Immediate comparisons were drawn with Labour's pledge to abolish interest on student loans during the 2005 election campaign. They are valid. Both are abject cases of political bribery designed to shore up the student vote and to attract the attention of the students' parents and grandparents. Clearly, the loan policy had great appeal, and Labour hopes a universal allowance will have a similar sway. The only concession to the country's dire fiscal position by a party seemingly prepared to countenance anything for a fourth term of office is the phasing in of the policy over four years.
In many ways, the progressive lifting of the parental income threshold - the lead-in to a universal allowance in 2012 - actually represents a more sensible means of helping students than the lifting of interest on loans. The current thresholds bear only a passing relation to present-day earnings. But just as statistics on the average size of student loans showed the 2005 initiative was ill-founded largess, so too is the eventual abolition of the parental income test, a move that will benefit 50,000 students. The universal allowance will have an annual price tag of $210 million when introduced in four years, a time forecast to feature intensified fiscal pressure.
Helen Clark says "most of these students would receive no allowance under the current rules and need to borrow, receive help from their parents or work part-time to make ends meet". This overlooks the fact that many parents are perfectly able to support their children financially. Universality, as is always the case, means the allowance will go to those who do not need it. Equally, the Prime Minister forgets that, even in her day, most students had some sort of part-time work. Quite simply, the burden on all students is not so great as to warrant a universal allowance.
Even if students were, indeed, suffering undue hardship, this would not be the most rational approach. That would lie in an examination of why they require an allowance or must take on debt. The answer is the level of tuition fees charged for courses. A steep rise in these has occurred since an increasing number of school-leavers began to seek tertiary education, much of it for trade training. If more of the latter was reclaimed through apprenticeships and suchlike, the cost to the public of tertiary education would drop, and lower fees could be introduced.

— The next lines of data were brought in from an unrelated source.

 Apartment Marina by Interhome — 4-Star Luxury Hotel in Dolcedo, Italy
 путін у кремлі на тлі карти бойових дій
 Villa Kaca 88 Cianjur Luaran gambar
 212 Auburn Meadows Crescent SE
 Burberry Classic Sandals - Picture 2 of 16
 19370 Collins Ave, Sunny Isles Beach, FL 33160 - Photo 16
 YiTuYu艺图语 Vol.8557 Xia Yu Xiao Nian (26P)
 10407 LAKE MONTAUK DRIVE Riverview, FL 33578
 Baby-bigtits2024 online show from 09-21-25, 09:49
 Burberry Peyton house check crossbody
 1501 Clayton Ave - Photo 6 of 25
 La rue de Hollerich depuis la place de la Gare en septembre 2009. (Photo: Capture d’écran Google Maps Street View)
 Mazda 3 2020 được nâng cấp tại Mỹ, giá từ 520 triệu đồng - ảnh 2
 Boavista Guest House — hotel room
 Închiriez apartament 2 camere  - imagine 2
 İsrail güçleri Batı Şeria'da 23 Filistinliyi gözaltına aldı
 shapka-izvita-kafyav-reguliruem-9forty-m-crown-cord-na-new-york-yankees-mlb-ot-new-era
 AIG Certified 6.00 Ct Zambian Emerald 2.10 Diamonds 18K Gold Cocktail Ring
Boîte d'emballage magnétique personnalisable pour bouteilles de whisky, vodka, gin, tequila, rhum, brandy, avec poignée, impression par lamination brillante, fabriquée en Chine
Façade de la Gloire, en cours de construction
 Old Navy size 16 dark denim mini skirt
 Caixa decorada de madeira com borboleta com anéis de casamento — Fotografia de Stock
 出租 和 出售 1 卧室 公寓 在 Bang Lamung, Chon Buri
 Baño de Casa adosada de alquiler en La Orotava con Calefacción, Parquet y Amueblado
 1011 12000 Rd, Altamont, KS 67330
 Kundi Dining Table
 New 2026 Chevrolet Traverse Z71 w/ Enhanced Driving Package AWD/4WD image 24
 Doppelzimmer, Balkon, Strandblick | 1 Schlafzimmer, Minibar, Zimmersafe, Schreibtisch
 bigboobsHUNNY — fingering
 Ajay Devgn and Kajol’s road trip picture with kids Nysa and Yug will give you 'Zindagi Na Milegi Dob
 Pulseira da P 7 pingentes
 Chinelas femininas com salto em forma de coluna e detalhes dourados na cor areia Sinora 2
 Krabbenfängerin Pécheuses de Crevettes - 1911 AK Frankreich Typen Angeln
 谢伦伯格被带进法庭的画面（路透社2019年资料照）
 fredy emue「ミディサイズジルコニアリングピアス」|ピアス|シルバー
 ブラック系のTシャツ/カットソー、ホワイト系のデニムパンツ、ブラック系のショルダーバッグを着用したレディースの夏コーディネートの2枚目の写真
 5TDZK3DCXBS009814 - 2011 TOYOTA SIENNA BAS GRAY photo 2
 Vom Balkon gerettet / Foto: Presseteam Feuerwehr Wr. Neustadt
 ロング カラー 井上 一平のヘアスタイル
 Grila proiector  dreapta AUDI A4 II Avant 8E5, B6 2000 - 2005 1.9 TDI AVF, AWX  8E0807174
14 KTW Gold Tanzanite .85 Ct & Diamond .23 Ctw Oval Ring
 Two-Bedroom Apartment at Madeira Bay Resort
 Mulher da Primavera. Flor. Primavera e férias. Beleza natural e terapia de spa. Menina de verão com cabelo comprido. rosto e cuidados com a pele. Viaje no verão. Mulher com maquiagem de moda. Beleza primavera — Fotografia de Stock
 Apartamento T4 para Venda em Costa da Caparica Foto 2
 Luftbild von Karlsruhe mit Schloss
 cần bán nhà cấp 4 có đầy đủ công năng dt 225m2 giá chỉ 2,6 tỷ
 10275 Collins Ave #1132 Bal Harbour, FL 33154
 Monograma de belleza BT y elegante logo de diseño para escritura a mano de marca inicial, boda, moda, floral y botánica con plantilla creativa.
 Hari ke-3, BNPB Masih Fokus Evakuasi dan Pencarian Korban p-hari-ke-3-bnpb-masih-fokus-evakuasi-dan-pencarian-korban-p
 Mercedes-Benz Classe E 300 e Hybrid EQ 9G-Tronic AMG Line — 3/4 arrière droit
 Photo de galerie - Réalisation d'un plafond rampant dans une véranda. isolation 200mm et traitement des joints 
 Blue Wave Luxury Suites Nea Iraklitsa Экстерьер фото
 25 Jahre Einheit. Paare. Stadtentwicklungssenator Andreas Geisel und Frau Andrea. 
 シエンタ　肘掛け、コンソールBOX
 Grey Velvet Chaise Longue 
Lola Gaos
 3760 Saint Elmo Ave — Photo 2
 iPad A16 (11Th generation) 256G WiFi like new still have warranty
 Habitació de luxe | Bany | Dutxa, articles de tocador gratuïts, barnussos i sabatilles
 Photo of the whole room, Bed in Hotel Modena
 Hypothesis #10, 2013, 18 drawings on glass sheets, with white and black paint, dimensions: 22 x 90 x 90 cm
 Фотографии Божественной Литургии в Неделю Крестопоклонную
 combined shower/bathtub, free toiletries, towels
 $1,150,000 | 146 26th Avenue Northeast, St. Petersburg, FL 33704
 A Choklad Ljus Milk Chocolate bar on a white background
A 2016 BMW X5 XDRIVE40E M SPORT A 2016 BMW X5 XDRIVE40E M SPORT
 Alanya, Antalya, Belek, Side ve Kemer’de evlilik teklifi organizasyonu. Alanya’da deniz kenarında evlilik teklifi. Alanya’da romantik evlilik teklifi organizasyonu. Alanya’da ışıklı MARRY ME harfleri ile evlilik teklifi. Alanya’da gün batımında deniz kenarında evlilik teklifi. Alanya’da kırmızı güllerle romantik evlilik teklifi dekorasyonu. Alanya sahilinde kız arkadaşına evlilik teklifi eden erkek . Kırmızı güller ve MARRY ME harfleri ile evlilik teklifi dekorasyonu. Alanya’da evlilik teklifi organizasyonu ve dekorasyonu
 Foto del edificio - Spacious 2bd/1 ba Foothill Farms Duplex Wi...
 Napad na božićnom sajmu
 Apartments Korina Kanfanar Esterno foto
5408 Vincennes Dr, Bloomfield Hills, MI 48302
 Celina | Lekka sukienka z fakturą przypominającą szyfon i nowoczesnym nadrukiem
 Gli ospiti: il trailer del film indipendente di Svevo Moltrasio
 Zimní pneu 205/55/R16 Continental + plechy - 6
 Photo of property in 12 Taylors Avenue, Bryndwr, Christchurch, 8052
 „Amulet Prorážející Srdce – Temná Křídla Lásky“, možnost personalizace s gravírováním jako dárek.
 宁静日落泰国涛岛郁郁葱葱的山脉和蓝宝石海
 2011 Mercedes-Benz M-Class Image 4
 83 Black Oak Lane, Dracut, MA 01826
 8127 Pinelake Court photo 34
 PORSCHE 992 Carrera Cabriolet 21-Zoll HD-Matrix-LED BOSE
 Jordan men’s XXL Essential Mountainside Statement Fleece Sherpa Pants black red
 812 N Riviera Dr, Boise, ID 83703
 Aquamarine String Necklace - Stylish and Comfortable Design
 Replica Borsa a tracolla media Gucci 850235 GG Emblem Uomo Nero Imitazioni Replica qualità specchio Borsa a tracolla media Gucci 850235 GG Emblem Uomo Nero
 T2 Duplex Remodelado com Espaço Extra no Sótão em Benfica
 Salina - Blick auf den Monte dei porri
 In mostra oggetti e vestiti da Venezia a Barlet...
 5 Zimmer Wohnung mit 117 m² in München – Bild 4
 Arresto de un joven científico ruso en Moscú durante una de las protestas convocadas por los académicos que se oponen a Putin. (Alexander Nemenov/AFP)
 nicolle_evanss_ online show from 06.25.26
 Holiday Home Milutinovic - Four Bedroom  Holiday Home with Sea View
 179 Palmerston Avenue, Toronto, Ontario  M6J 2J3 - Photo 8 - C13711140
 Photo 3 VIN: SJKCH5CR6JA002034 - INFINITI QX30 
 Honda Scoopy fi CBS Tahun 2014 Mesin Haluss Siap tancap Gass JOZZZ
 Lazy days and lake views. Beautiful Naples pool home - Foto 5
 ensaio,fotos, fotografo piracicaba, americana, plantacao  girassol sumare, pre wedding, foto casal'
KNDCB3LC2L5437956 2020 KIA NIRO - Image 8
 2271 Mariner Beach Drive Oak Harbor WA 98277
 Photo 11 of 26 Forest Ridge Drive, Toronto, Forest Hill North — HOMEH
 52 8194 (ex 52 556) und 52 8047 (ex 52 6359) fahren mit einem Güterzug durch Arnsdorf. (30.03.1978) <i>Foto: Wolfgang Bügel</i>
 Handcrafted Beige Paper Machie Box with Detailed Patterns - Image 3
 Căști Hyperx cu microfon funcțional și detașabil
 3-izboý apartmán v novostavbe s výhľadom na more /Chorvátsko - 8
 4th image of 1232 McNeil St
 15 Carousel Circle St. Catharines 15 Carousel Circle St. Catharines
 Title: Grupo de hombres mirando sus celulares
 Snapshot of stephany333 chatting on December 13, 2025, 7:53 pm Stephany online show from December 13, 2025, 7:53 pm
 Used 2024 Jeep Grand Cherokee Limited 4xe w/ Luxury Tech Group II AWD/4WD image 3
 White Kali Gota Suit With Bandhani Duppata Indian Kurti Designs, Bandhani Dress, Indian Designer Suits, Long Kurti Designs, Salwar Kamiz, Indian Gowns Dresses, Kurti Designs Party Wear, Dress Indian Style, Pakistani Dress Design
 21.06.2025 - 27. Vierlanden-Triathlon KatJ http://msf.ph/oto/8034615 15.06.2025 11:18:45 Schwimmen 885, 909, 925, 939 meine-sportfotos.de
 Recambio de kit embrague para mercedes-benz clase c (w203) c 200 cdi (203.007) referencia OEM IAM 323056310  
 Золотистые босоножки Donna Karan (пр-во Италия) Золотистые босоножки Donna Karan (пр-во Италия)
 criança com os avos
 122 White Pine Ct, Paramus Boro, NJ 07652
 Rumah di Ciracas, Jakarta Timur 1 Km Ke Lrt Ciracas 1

Any radical change should be along those lines. If tinkering there must be, it could be to the parental income threshold. But at no time will there be a need for a universal student allowance. The country cannot afford it now, of all times, and the students' lot is not so harsh as to demand it. Throwing an eventual $210 million at this annually adds to the $300 million a year cost of the abolition on interest on student loans. Labour's extravagance is matched only by the cynicism implicit in its desire to buy votes.